ICBM test: China defends North Korea diplomacy, after Donald Trump outburst
Beijing: China defended its “relentless efforts” to resolve the North Korea nuclear issue on Tuesday following a Twitter outburst from US President Donald Trump, as Pyongyang claimed to have tested an intercontinental ballistic missile (ICBM).
The US president has piled pressure on China to use its diplomatic and economic clout over North Korea, its Communist ally, to persuade Pyongyang to stop its nuclear and missile activities.
China’s foreign ministry spokesman Geng Shuang told a press briefing that its contribution was well recognised—describing its role as “indispensable”—after Trump called on China to take more action on North Korea.
“Perhaps China will put a heavy move on North Korea and end this nonsense once and for all!” tweeted Trump, who will meet with Chinese President Xi Jinping at the G20 summit in Germany later this week.
“China has made relentless efforts for the settlement of the Korean peninsula nuclear issue. China’s contribution in this regard is well recognised, and its role is indispensable,” Geng said.
Geng said China was following developments closely after North Korean television announced that leader Kim Jong-Un had overseen the “landmark” test of a Hwasong-14 missile, which reached an altitude of 2,802 kilometres (1,741 miles) and flew 933 kilometres.
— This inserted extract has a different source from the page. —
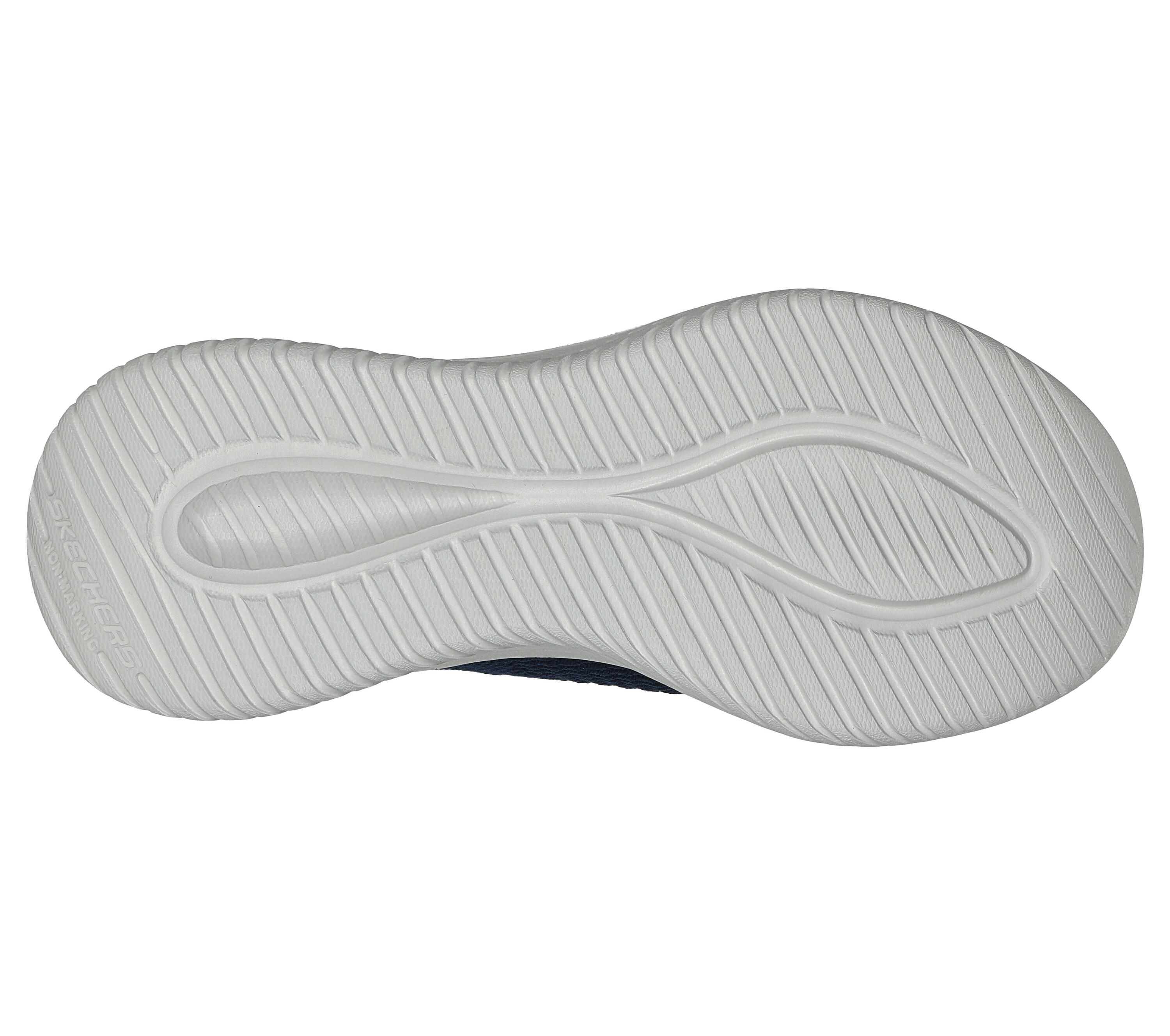 SKECHERS Enfants ULTRA FLEX 3.0 SMOOTH STEP À enfiler Noir 3/5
“China opposes the DPRK breaching UN Security Council resolutions to conduct launch activities,” the spokesman said, using the initials of North Korea’s official name.
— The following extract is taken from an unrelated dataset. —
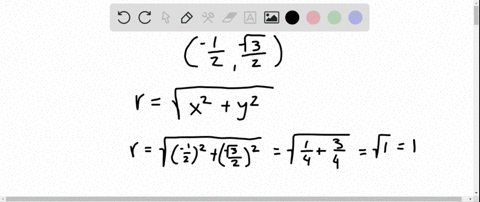 a-point-on-the-terminal-side-of-an-angle-theta-in-standard-position-is-given-find-the-exact-value--8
“We hope all relevant parties can exercise restraint, avoid taking actions that may escalate tensions, and make efforts to bring the issue back to peaceful settlement through dialogue and consultation,” Geng said.
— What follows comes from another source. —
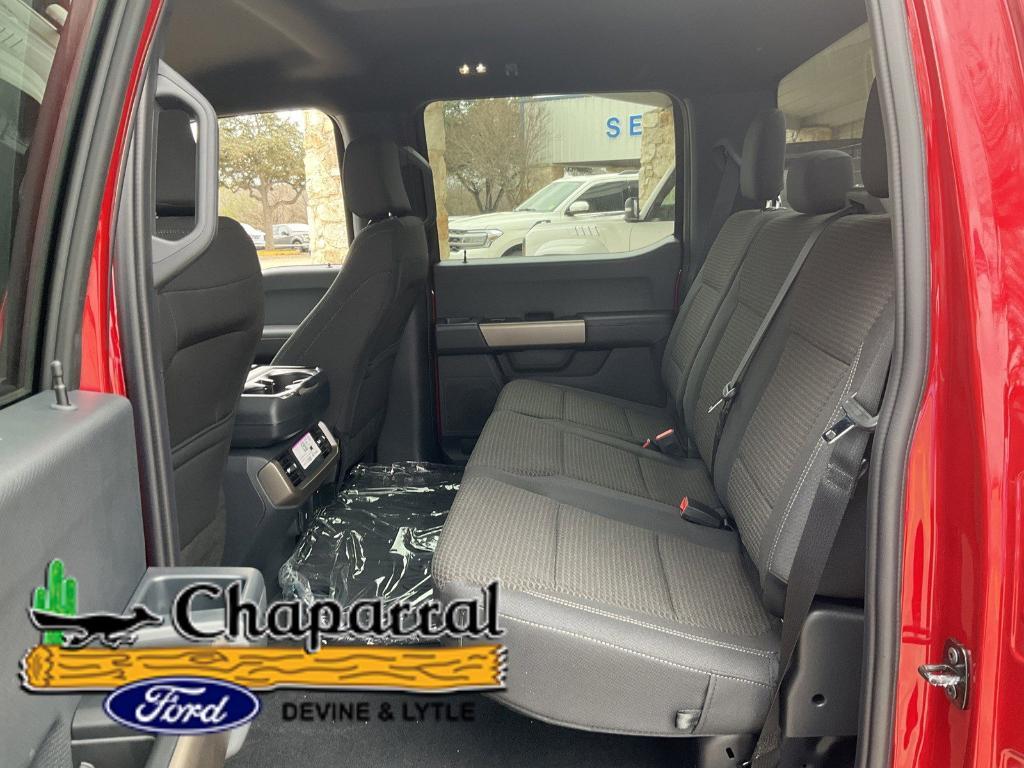 new 2025 Ford F-150 car, priced at $55,086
On a trip to Moscow, Chinese President Xi Jinping and Russian counterpart Vladimir Putin agreed on Monday to “jointly push for a proper settlement of the (Korean) peninsula issue via dialogue and negotiation”, according to the official Xinhua news agency.
China’s response to Trump’s tweet comes as tensions between the superpowers have resurfaced in recent days, breaking from a friendlier atmosphere that emerged after Trump met Xi at the US leader’s Florida resort in April.
Trump warned about “the growing threat” posed by North Korea during a phone call with Xi on Monday, while the Chinese leader said Sino-US relations were hit by “negative factors”.
China announced in February the suspension of coal imports from North Korea for the rest of the year, a crucial currency earner for Pyongyang.
The total value of all imports from North Korea fell to $721.5 million between January and May from $773.6 million over the same period last year, according to Chinese official figures.
But Trump has urged Beijing to do more and last week his administration took steps that infuriated the Asian superpower.
The US treasury department slapped sanctions on China’s Bank of Dandong for allegedly laundering North Korean cash and it accused a Chinese shipping company of smuggling banned luxury goods into the country.
The Trump administration also authorised a $1.3 billion arms sales to Taiwan and placed China on a list of the world’s worst human trafficking offenders.
China has pressed for the resumption of six-party negotiations with North Korea that have been dormant since 2009.
Beijing proposes a “dual-track approach” in which Pyongyang would suspend its nuclear and missile activities while the US and South Korea would halt large-scale military exercises.